Monday, February 7, 2011

Waiting

These words speak so deeply to my heart.....
Lord, we believe that only you know when we will be able to bring home a baby.
We will wait and trust. We love you, Lord. Your ways are better than ours. Even when it hurts...

From John Waller's While I'm Waiting

I'm waiting
I'm waiting on you, lord
And I am hopeful
I'm waiting on you, lorD
Though it is painful
But patiently I will wait

I will move ahead,
bold and confident,
Taking every step in
obedience

While I'm waiting,
I will serve you
While I'm waiting,
I will worship
While I'm waiting,
I will not faint
I'll be running the race
Even while I wait

Saturday, February 5, 2011

Not having a good day

I am not having a good day. It's one of those times I wish people would stop being harsh on me and just love me. Maybe sit with me and let me cry it out?

but...then I think maybe I am not worth loving.........
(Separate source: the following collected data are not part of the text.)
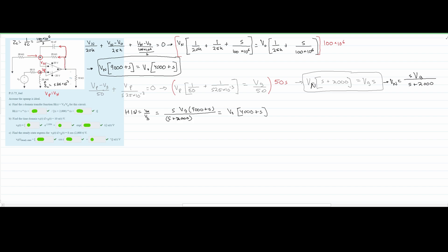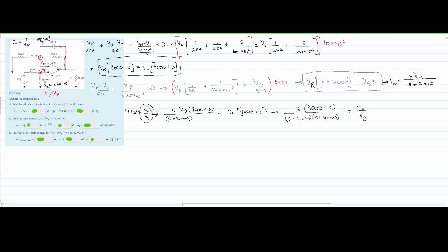Our transfer function H(S) = V0/VG equals S(S + 9000) divided by (S + 2000)(S + 4000). Revealing the answer confirms: we have S(S + 9000) in the numerator, and (S + 2000)(S + 4000) in the denominator — which matches what we derived. This is our H(S).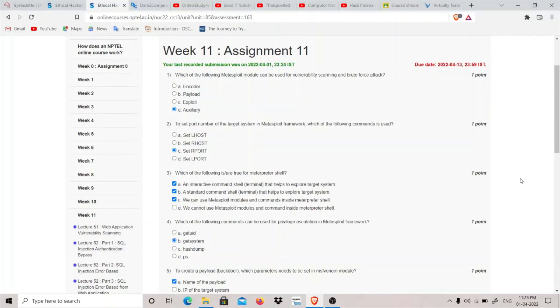Hey guys, my name is ThatQuiteKid and today we are going to do the Week 11 assignment of the NPTEL Ethical Hacking course.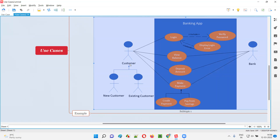There is a relationship between the roles or systems and these use cases. There are different types of relations. For example, customer is trying to log in, trying to view balance, depositing amount — this is the relation between the customer and the banking app system along with the use cases. Relationships are represented using lines between the customer and the use cases. There are also relationships between use cases themselves — it includes and it extends are types of relations.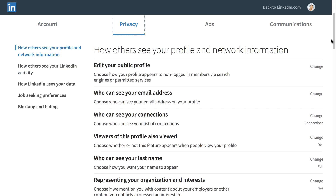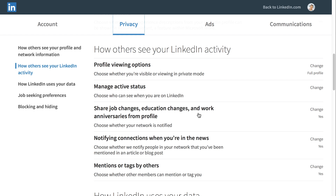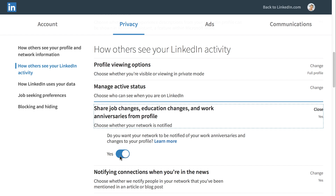Scroll down and click Share Job Changes, Education Changes, and Work Anniversaries from Profile. Click the button so it says No, and your connections will no longer be notified of your profile changes. This feature can be useful if you're searching for a new job while you're still employed, and you want to make sure that your current employer isn't notified of your profile changes.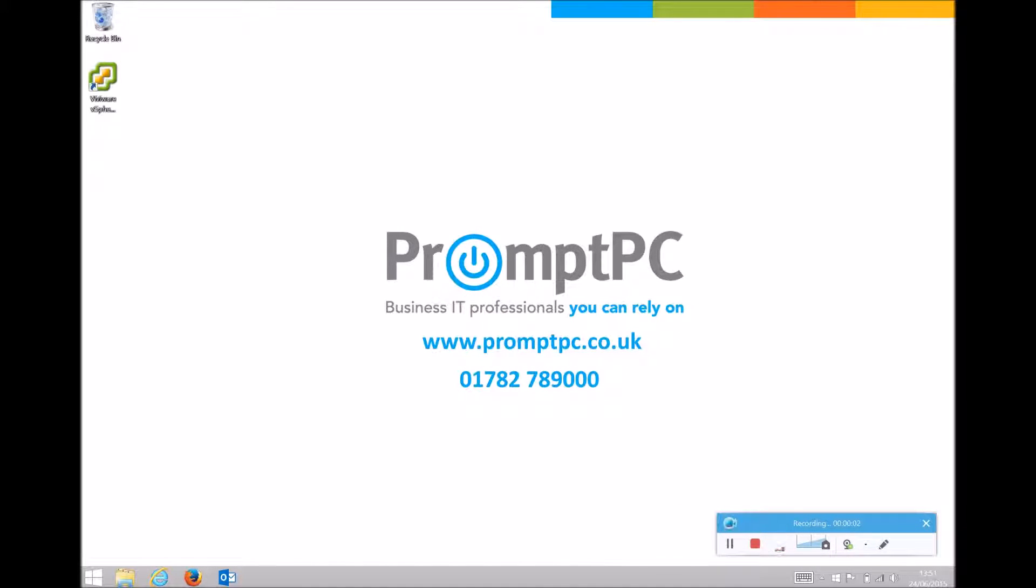Hello and welcome to one of PromptPC's how-to videos. Today I'm going to be showing you how to repair Office 2013 on Windows 8.1.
I know it's irrational but my head is swirling today.

Maybe I am not pregnant this month and my PMS is really bad. I've always been super sensitive.

Sigh.........

Shannon

Friday, February 4, 2011

'Beautiful For Me' by Nicole Nordeman

Thank you for sharing this song, Sarah Joy....
~Shannon


Beautiful For Me
Nicole Nordeman

Every girl young and old has to face her own reflection
Twirl around, stare it down
What’s the mirror gonna say
With some luck, you’ll measure up
But you might not hold a candle to the rest
“Is that your best?” says the mirror to the mess
But there’s a whisper in the noise
Can you hear a little voice
and he says

Has anybody told you you’re beautiful?
You might agree if you could see what I see
Oh
‘Cuz everything about you is incredible
You should have seen me smile the day that I made you beautiful for me

If it’s true beauty lies in the eye of the beholder
What my life and what’s inside to give him something to behold
I want a heart that’s captivating
I wanna hear my Father say

Has anybody told you you’re beautiful?
You might agree if you could see what I see
Oh
‘Cuz everything about you is incredible
You should have seen me smile the day that I made you beautiful for me
Close your eyes
Look inside
Let me see the you that you’ve been trying to hide
Long ago, I made you so very beautiful
So I ought to know you’re beautiful

Has anybody told you you’re beautiful?
You might agree if you could see what I see
Yeah
‘Cuz everything about you is incredible
You should have seen me smile the day that I made you beautiful
You’re so beautiful
Beautiful for me
So beautiful for me
Has anybody told you?

One day at a time

Sometimes it's such a struggle...to get through one day.

You hear people say one day at a time but honestly sometimes one minute at a time is too much.

Shannon

Wednesday, February 2, 2011

What I Don't Want To Be

It seems like so many time we ask ourselves who we are. We ask ourselves who we want to be. I feel like there is so much there that I am but I also feel that what hinders me is focusing on the things that I don't want to be. What don't I want to be? I'll tell you.

I don't want to be a number. Specifically, I don't want to be a size, a weight number, a number of inches. I don't even want to be a BMI or a percentile. I don't like numbers to describe people. I don't want to be a rating of hotness. I don't want to be a number

What else don't I want to be? I most definitely don't want to be fake. I want to be real. I don't want to be fake smiles and facades. Don't tell me to pretend to be happy or act happy when I am not. Instead, find me real and genuine happiness. No, don't find it for me. Help me to find lasting joy. Being fake is something I have struggled with.

I don't want to be ugly. I suppose you could also turn that around and say that I want to be beautiful. Gorgeous. Lovely. Pretty. I don't feel that I am any of those things. I just can't see it. When I look into the mirror I can't see who I am. And at the same time, if you think I am beautiful, I don't want to be just a pretty face. I want to be a person.

Sometimes I have to confess I don't even want to be me...but I am learning to accept that I am me and that it's okay to be me.

That's what I don't want to be. I guess you can see my fears. And...underneath it all, you can see what it is I do want to be.